Many of my questions were left answerless with a “Some things are beyond our capability to understand.”
Why were we responsible for things we can’t comprehend?
I believe that wearing the hijab was a command. I found out that it isn’t even a priority in Islam, it was just advice. Then I re-checked my family’s views and mentioned maybe I’d stop wearing hijab one day. My mother humiliated me. Where was the woman who asked me if I was sure when I first told her I wanted to wear a hijab? She was a puppet of her own ego and her conservative social circle. What would she tell them? It would be an embarrassment for her. She started saying, “Do not pray, do not fast but keep wearing your hijab.” When I say, “I would be doing it only for you,” she still wanted me to keep it on. What kind of a Muslim was she? She perceived praying as less essential than the hijab. As if my sister would take the courage from me to do the same, and I should be an example for her. Because I am very successful, I was a model for her, and If I take my headscarf off, all of my accomplishments will lose all their meanings. How could I live under a scarf which lost its purpose for just being an example?

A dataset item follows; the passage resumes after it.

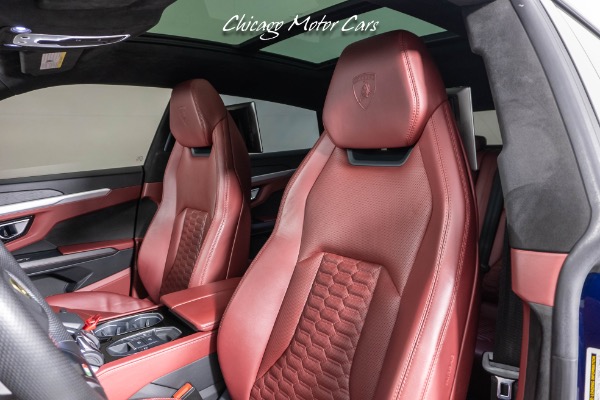 Used-2019-Lamborghini-Urus-Ryft-Exhaust-Carbon-Fiber-Exterior-Pack-Red-Interior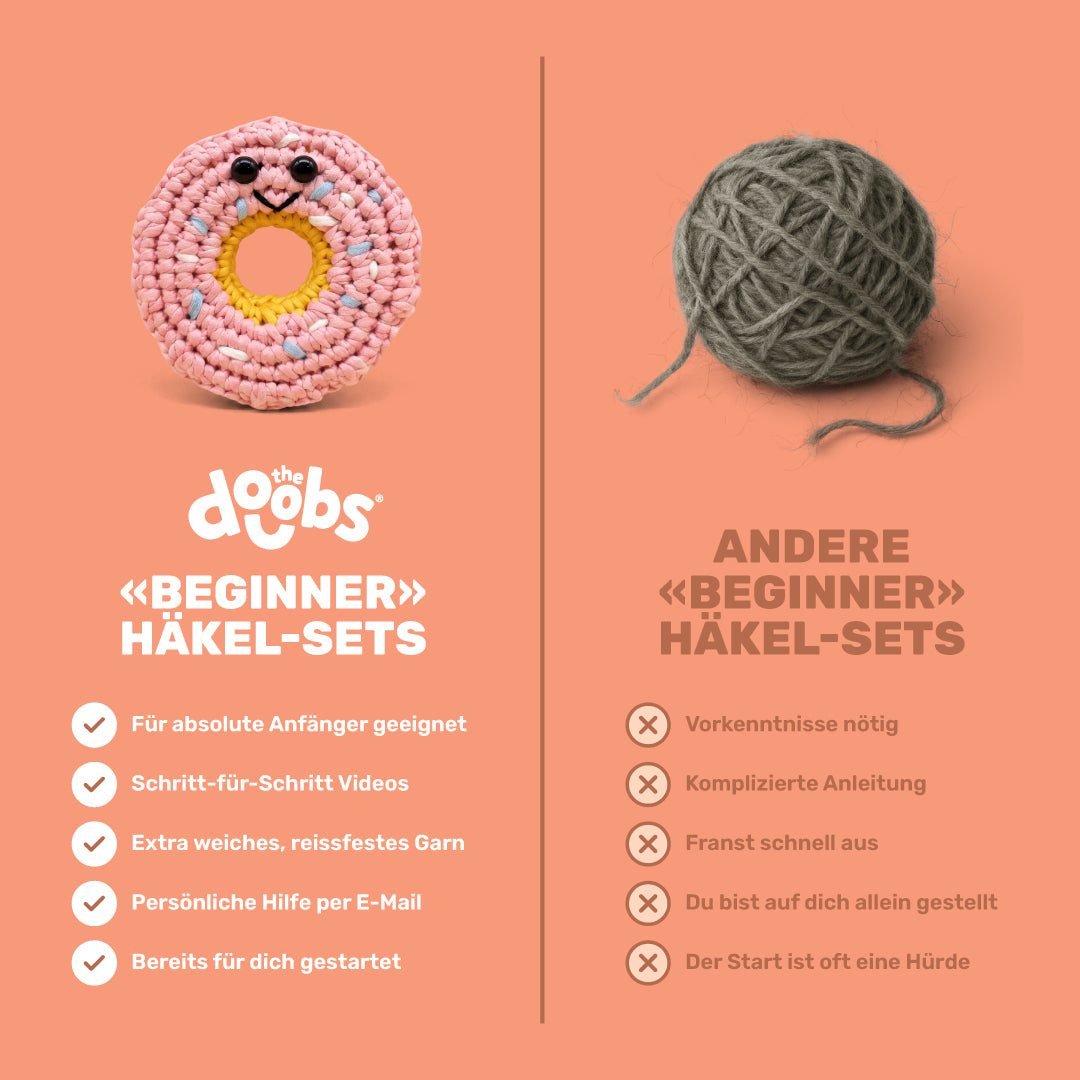 Doni der Donut | Häkel-Set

Meanwhile, “You may do whatever you want after you get married, but wait until then,” my father said. Because after I get married, my husband would be responsible for me. I wasn’t an individual in their eyes, I didn’t have free will. I remember the feeling of my soul shrinking, nobody understood me. If I try to talk about the things I was questioning in my family’s house, I was treated like a freak—the sick-minded, embarrassing kid of the family.
I was analyzing my life, I was successful, had a good profession, and started my first job at the age of 22 with a high salary. I was living on my own for 8 months, but I was feeling like a pathetic sinful loser around my family. Why was I living like in prison in my own body? For one and a half years, I have lived without self-esteem, self-care, or inner peace and with depression. Just because I cried for hours in front of the mirror, I didn’t buy a mirror for the house I moved to. I was utterly asocial, lost all my hope to live.
This summer, after I was sure to go abroad for a few months, I decided to live as I wanted when I go there. All the oppression I received from my family pushed me far away from them. One month prior to my travel, I figured why not now? Instead of explaining myself when I return, I should do it now. I took my hijab off, I deserved to be free. My family nearly disowned me. My mother, who gets psychological support, threatened me with killing herself or cutting my hair as she saw me. My sister turned her back on me, but I was ready for these. Because all I wanted was to look in the mirror with inner peace, gaining a will of life with hope. Now I’m thrilled; I feel like I have realized myself.
Do not let anyone have power in your own life.